Through to the final line, write out the records below exactly, omitting any images they contain.

Top of Task data

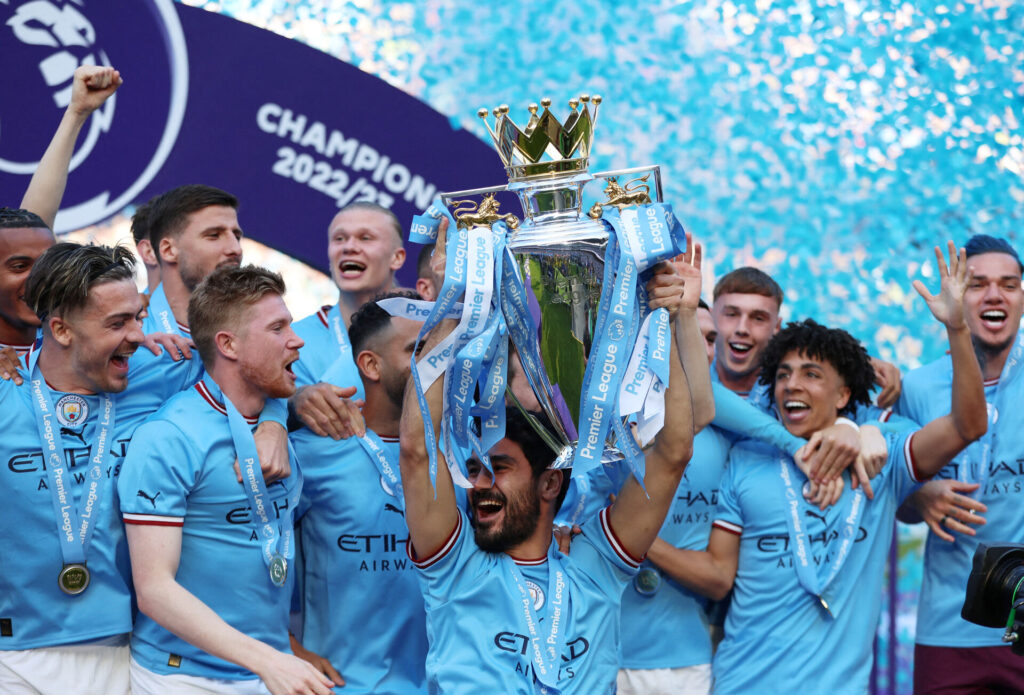 Manchester Citys vanvittige sag med over 100 overtrædelser af de økonomiske spilleregler i Premier League kan ende i nedrykning.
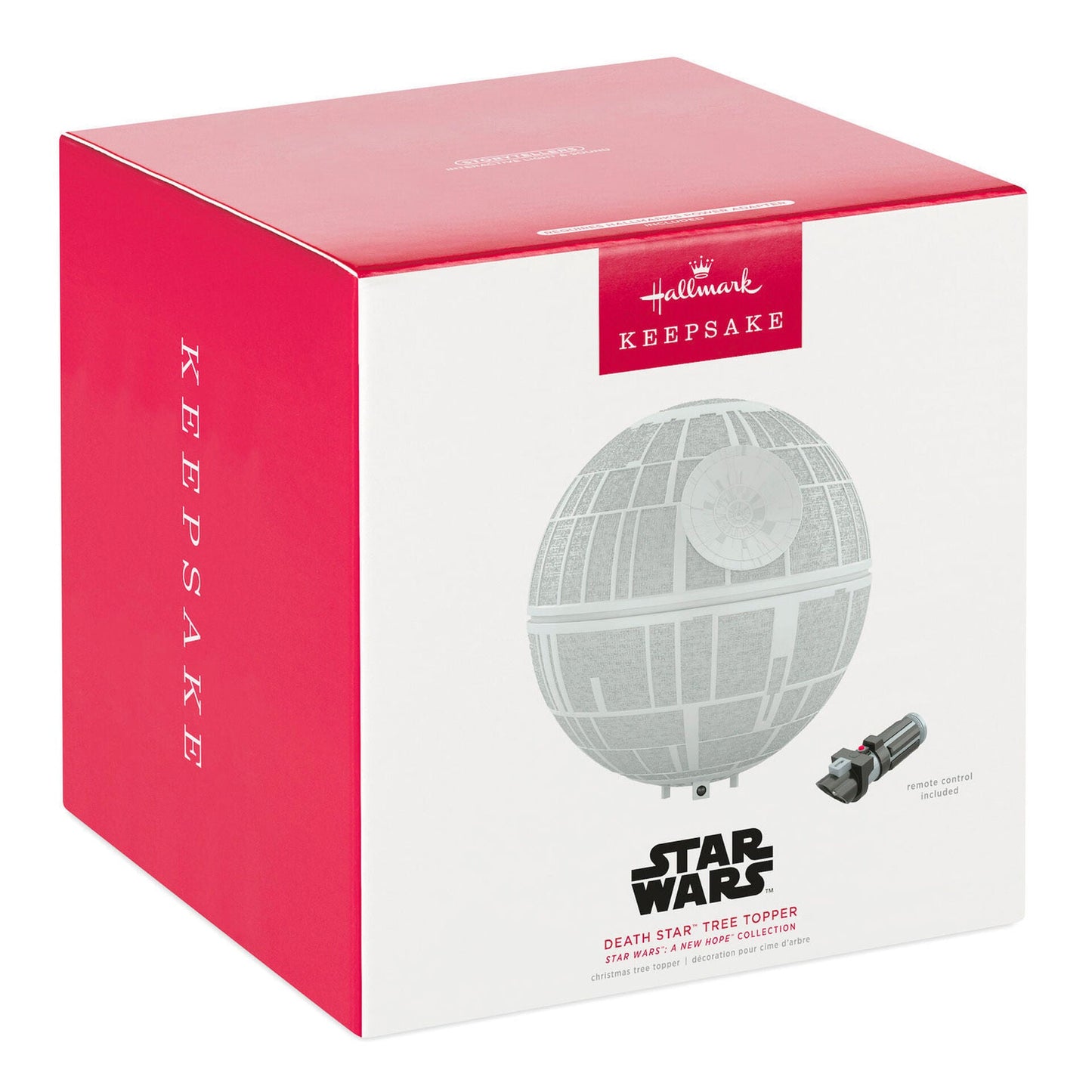 Star Wars: A New Hope Collection Death Star Tree Topper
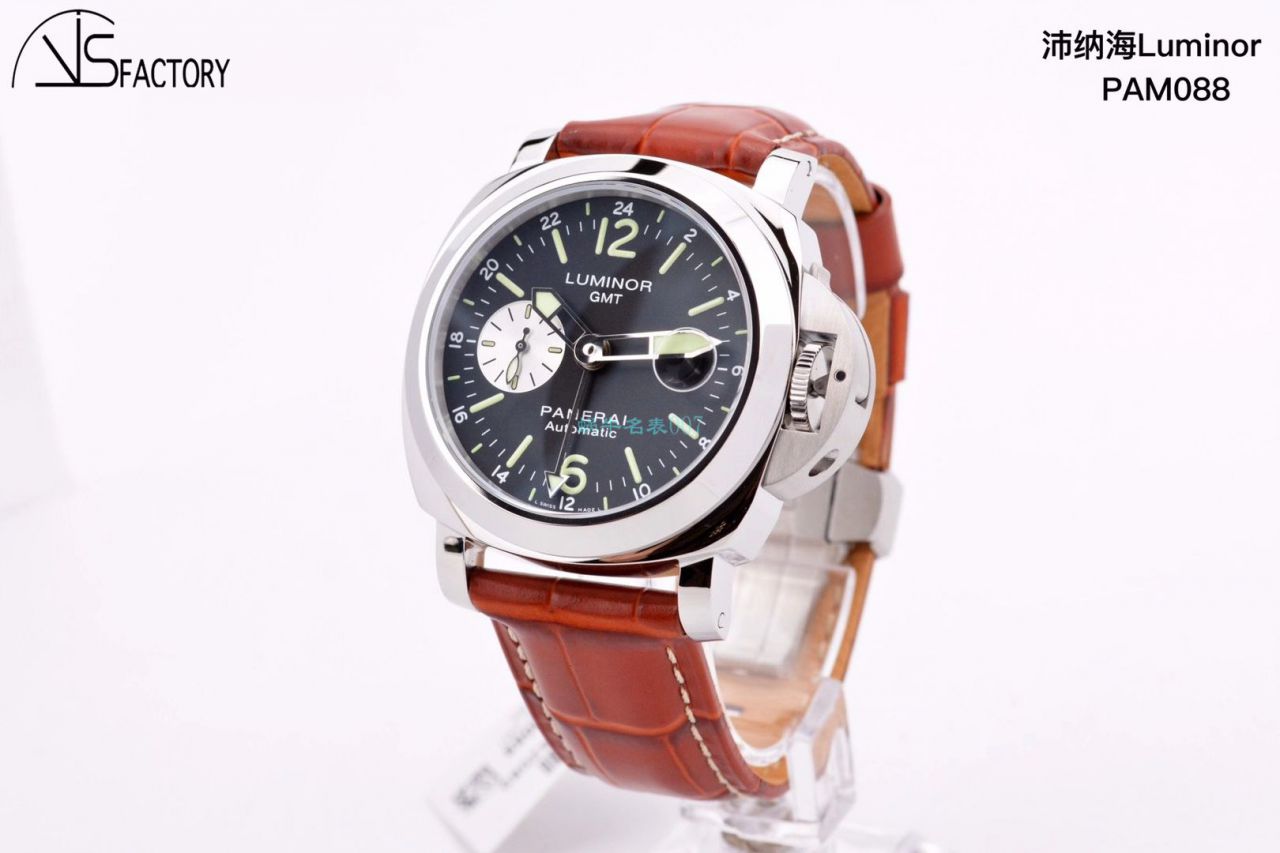 VS厂沛纳海PAM088 LUMINOR顶级复刻高仿手表PAM 00088腕表 / VSPAM00088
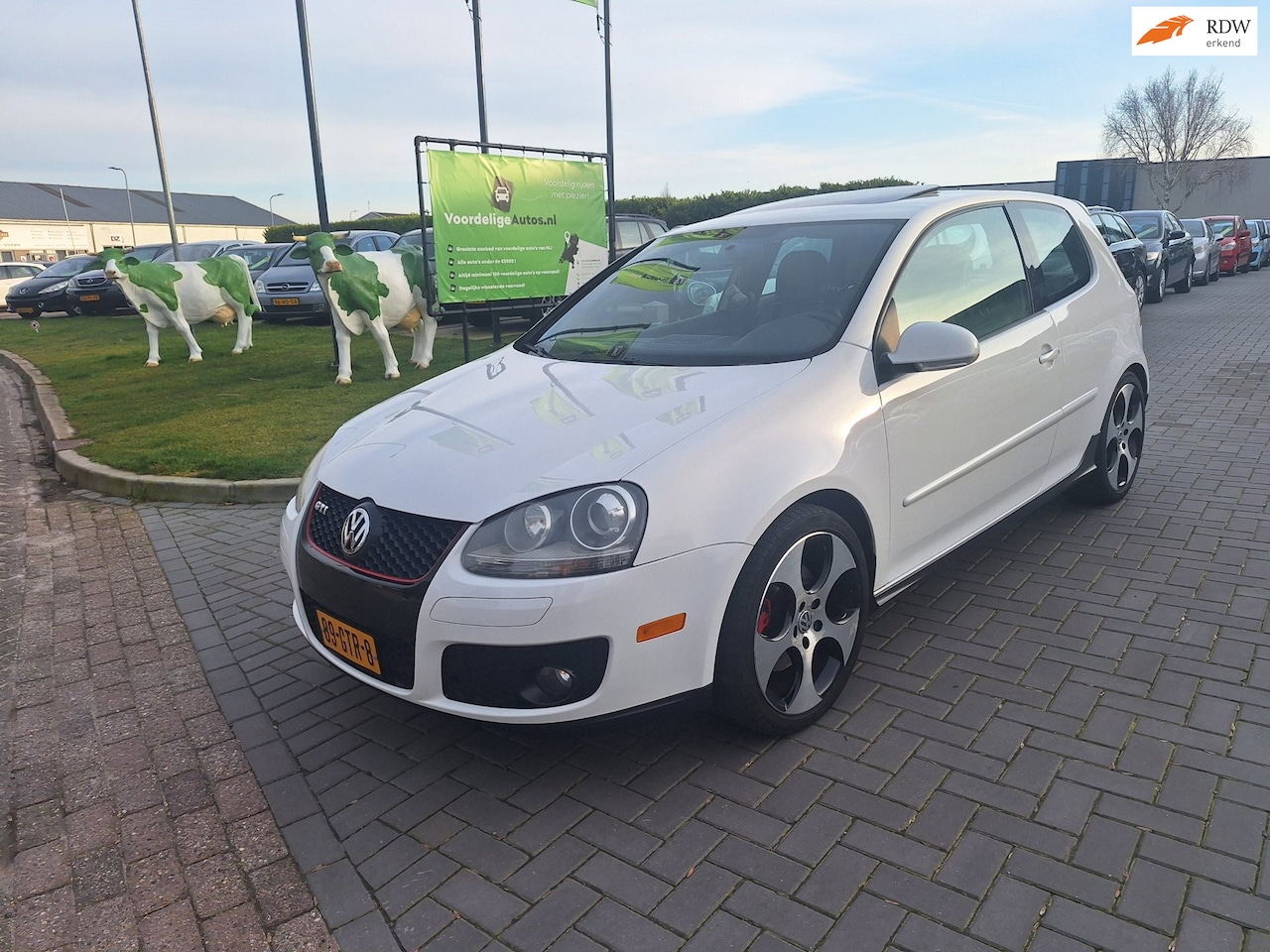 Volkswagen Golf - 2.0 TFSI GTI / Uitzonderlijk nette auto / Amerikaanse uitvoering - AutoWereld.nl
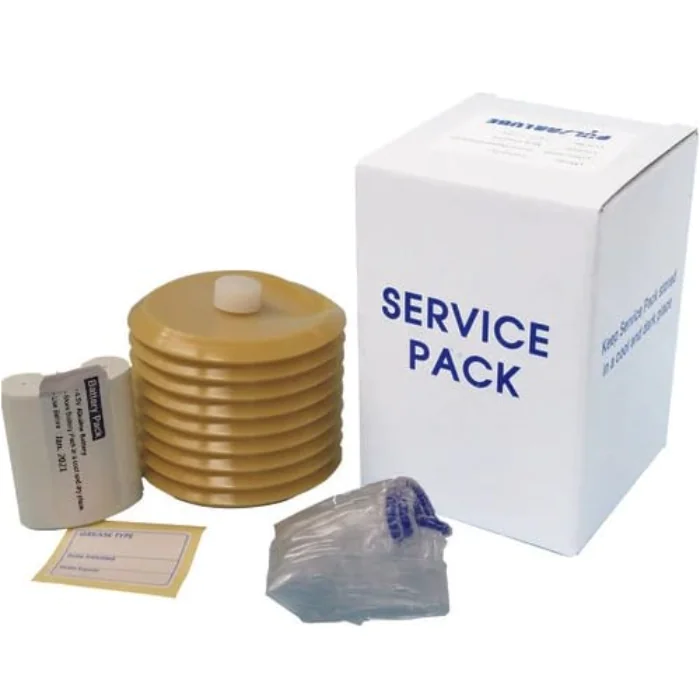 Pulsarlube Service Pack – Effektiv Smøring, 1 Stykk, SBF-295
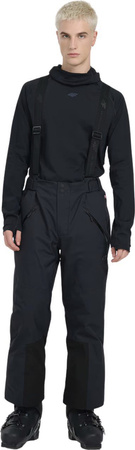 Bluza termoaktywna męska 4F M100 czarna 4FWAW25UBRUM100 20S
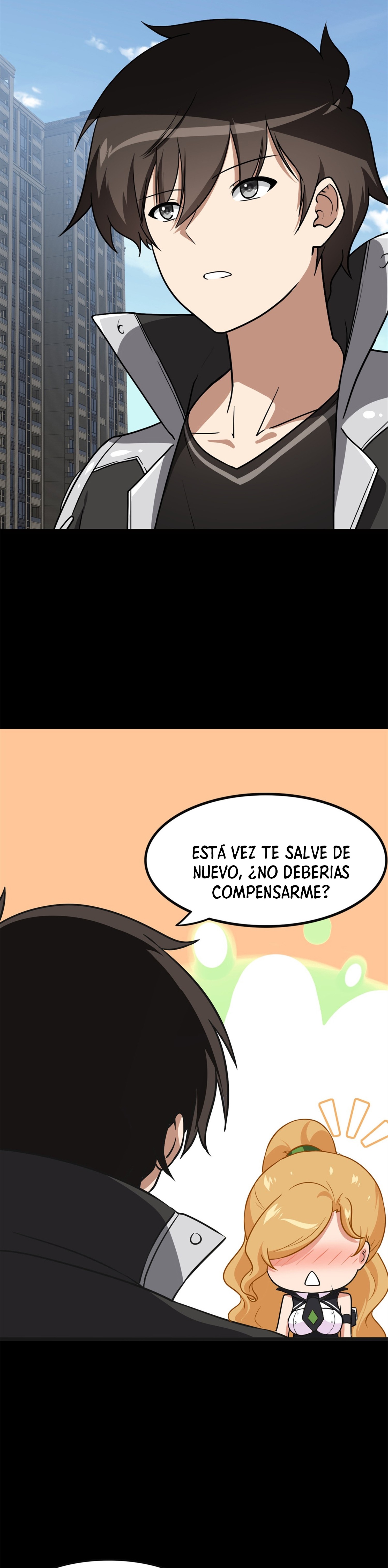 My Girlfriend is a Zombie Capítulo 314 - Página 15 en español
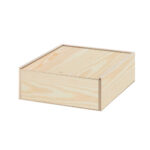 BOXIE WOOD L. Boite en bois L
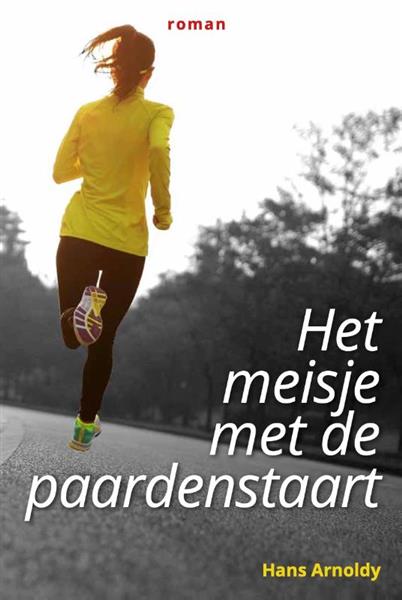 Grote foto het meisje met de paardenstaart boeken literatuur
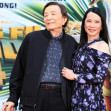 Ceremony Honoring Actor James Hong With Hand And Foot Prints - 22 Feb 2024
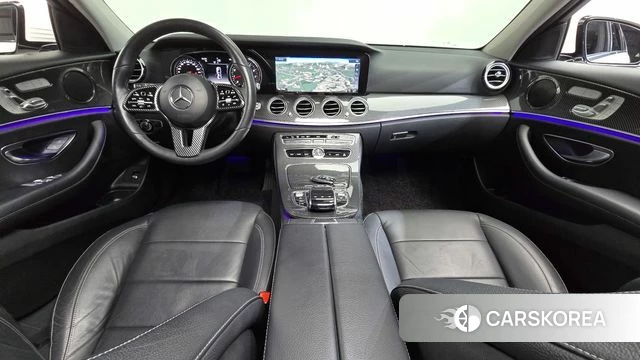 Mercedes-Benz E-Class W213 id 5013711 из Кореи 30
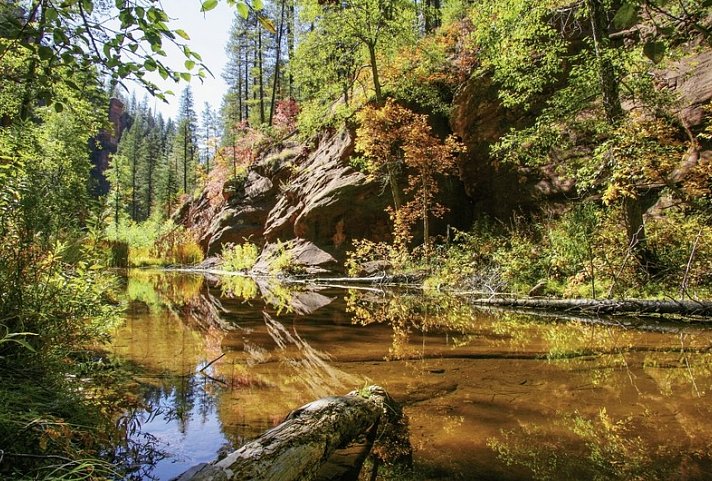Great West - Oak Creek Canyon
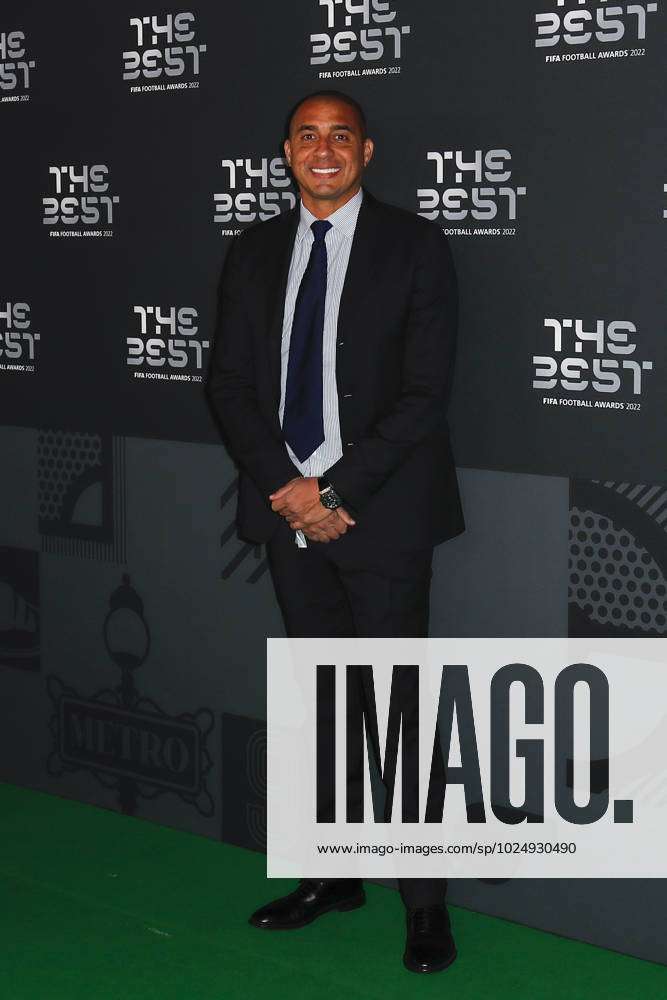 David Trezeguet Football The Best Fifa Football Awards 2022 27 02 2023 Michaelbaucher Panoramic 4018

Bottom of Task data

**Answer for this exercise:**
 Manchester Citys vanvittige sag med over 100 overtrædelser af de økonomiske spilleregler i Premier League kan ende i nedrykning.
 Star Wars: A New Hope Collection Death Star Tree Topper
 VS厂沛纳海PAM088 LUMINOR顶级复刻高仿手表PAM 00088腕表 / VSPAM00088
 Volkswagen Golf - 2.0 TFSI GTI / Uitzonderlijk nette auto / Amerikaanse uitvoering - AutoWereld.nl
 Pulsarlube Service Pack – Effektiv Smøring, 1 Stykk, SBF-295
 Bluza termoaktywna męska 4F M100 czarna 4FWAW25UBRUM100 20S
 My Girlfriend is a Zombie Capítulo 314 - Página 15 en español
 BOXIE WOOD L. Boite en bois L
 Grote foto het meisje met de paardenstaart boeken literatuur
 Ceremony Honoring Actor James Hong With Hand And Foot Prints - 22 Feb 2024
 Mercedes-Benz E-Class W213 id 5013711 из Кореи 30
Great West - Oak Creek Canyon
 David Trezeguet Football The Best Fifa Football Awards 2022 27 02 2023 Michaelbaucher Panoramic 4018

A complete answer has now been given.